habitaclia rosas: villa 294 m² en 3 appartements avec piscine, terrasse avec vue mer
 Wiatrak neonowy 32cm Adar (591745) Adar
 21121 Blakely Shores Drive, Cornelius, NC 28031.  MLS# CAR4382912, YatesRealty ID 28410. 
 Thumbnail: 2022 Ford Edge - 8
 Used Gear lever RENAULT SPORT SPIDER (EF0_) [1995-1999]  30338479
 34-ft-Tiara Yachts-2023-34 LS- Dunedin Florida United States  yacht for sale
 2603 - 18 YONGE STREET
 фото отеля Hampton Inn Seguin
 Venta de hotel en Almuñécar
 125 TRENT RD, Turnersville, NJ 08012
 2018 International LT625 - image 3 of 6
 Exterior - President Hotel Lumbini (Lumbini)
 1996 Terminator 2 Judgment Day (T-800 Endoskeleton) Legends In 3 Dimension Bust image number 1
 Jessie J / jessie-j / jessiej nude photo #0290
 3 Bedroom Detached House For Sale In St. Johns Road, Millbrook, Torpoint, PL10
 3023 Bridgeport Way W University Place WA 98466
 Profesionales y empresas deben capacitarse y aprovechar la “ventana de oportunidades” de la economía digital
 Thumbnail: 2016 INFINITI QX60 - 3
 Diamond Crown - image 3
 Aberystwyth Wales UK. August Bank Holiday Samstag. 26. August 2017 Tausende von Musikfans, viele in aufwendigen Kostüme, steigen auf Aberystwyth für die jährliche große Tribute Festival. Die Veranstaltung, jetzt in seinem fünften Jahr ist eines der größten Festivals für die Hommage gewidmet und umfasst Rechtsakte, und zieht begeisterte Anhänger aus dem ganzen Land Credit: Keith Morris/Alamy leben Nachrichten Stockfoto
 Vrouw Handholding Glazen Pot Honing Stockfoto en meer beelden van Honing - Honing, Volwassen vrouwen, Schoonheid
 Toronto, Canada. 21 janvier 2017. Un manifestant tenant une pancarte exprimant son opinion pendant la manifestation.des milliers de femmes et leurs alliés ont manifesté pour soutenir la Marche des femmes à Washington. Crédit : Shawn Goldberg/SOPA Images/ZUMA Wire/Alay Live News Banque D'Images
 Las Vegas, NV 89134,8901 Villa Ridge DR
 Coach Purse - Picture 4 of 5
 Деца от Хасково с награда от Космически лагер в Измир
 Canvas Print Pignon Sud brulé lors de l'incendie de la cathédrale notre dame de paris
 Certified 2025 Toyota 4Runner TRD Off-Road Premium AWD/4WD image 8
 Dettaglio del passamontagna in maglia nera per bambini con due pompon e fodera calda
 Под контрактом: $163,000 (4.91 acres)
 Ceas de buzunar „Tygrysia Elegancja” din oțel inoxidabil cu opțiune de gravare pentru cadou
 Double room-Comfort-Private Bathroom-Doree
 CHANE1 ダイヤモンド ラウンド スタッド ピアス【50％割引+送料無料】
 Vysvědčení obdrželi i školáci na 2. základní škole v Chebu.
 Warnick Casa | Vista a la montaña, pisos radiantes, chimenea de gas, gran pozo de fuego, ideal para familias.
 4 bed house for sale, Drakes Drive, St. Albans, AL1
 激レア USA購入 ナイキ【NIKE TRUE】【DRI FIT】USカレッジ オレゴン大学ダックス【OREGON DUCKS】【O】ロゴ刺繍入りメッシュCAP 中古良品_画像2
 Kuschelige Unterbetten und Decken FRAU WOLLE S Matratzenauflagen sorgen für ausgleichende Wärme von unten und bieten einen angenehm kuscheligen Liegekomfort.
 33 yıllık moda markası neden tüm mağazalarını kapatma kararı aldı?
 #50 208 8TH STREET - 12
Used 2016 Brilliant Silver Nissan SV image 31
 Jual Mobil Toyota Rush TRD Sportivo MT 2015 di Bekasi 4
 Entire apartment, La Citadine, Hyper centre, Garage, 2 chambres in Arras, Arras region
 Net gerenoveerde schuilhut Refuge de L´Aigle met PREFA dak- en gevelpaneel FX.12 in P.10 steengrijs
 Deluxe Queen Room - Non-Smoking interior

TASK ITEM:
Your reply should contain every entry, repeated exactly.

OUTPUT BELOW:
habitaclia rosas: villa 294 m² en 3 appartements avec piscine, terrasse avec vue mer
 Wiatrak neonowy 32cm Adar (591745) Adar
 21121 Blakely Shores Drive, Cornelius, NC 28031.  MLS# CAR4382912, YatesRealty ID 28410. 
 Thumbnail: 2022 Ford Edge - 8
 Used Gear lever RENAULT SPORT SPIDER (EF0_) [1995-1999]  30338479
 34-ft-Tiara Yachts-2023-34 LS- Dunedin Florida United States  yacht for sale
 2603 - 18 YONGE STREET
 фото отеля Hampton Inn Seguin
 Venta de hotel en Almuñécar
 125 TRENT RD, Turnersville, NJ 08012
 2018 International LT625 - image 3 of 6
 Exterior - President Hotel Lumbini (Lumbini)
 1996 Terminator 2 Judgment Day (T-800 Endoskeleton) Legends In 3 Dimension Bust image number 1
 Jessie J / jessie-j / jessiej nude photo #0290
 3 Bedroom Detached House For Sale In St. Johns Road, Millbrook, Torpoint, PL10
 3023 Bridgeport Way W University Place WA 98466
 Profesionales y empresas deben capacitarse y aprovechar la “ventana de oportunidades” de la economía digital
 Thumbnail: 2016 INFINITI QX60 - 3
 Diamond Crown - image 3
 Aberystwyth Wales UK. August Bank Holiday Samstag. 26. August 2017 Tausende von Musikfans, viele in aufwendigen Kostüme, steigen auf Aberystwyth für die jährliche große Tribute Festival. Die Veranstaltung, jetzt in seinem fünften Jahr ist eines der größten Festivals für die Hommage gewidmet und umfasst Rechtsakte, und zieht begeisterte Anhänger aus dem ganzen Land Credit: Keith Morris/Alamy leben Nachrichten Stockfoto
 Vrouw Handholding Glazen Pot Honing Stockfoto en meer beelden van Honing - Honing, Volwassen vrouwen, Schoonheid
 Toronto, Canada. 21 janvier 2017. Un manifestant tenant une pancarte exprimant son opinion pendant la manifestation.des milliers de femmes et leurs alliés ont manifesté pour soutenir la Marche des femmes à Washington. Crédit : Shawn Goldberg/SOPA Images/ZUMA Wire/Alay Live News Banque D'Images
 Las Vegas, NV 89134,8901 Villa Ridge DR
 Coach Purse - Picture 4 of 5
 Деца от Хасково с награда от Космически лагер в Измир
 Canvas Print Pignon Sud brulé lors de l'incendie de la cathédrale notre dame de paris
 Certified 2025 Toyota 4Runner TRD Off-Road Premium AWD/4WD image 8
 Dettaglio del passamontagna in maglia nera per bambini con due pompon e fodera calda
 Под контрактом: $163,000 (4.91 acres)
 Ceas de buzunar „Tygrysia Elegancja” din oțel inoxidabil cu opțiune de gravare pentru cadou
 Double room-Comfort-Private Bathroom-Doree
 CHANE1 ダイヤモンド ラウンド スタッド ピアス【50％割引+送料無料】
 Vysvědčení obdrželi i školáci na 2. základní škole v Chebu.
 Warnick Casa | Vista a la montaña, pisos radiantes, chimenea de gas, gran pozo de fuego, ideal para familias.
 4 bed house for sale, Drakes Drive, St. Albans, AL1
 激レア USA購入 ナイキ【NIKE TRUE】【DRI FIT】USカレッジ オレゴン大学ダックス【OREGON DUCKS】【O】ロゴ刺繍入りメッシュCAP 中古良品_画像2
 Kuschelige Unterbetten und Decken FRAU WOLLE S Matratzenauflagen sorgen für ausgleichende Wärme von unten und bieten einen angenehm kuscheligen Liegekomfort.
 33 yıllık moda markası neden tüm mağazalarını kapatma kararı aldı?
 #50 208 8TH STREET - 12
Used 2016 Brilliant Silver Nissan SV image 31
 Jual Mobil Toyota Rush TRD Sportivo MT 2015 di Bekasi 4
 Entire apartment, La Citadine, Hyper centre, Garage, 2 chambres in Arras, Arras region
 Net gerenoveerde schuilhut Refuge de L´Aigle met PREFA dak- en gevelpaneel FX.12 in P.10 steengrijs
 Deluxe Queen Room - Non-Smoking interior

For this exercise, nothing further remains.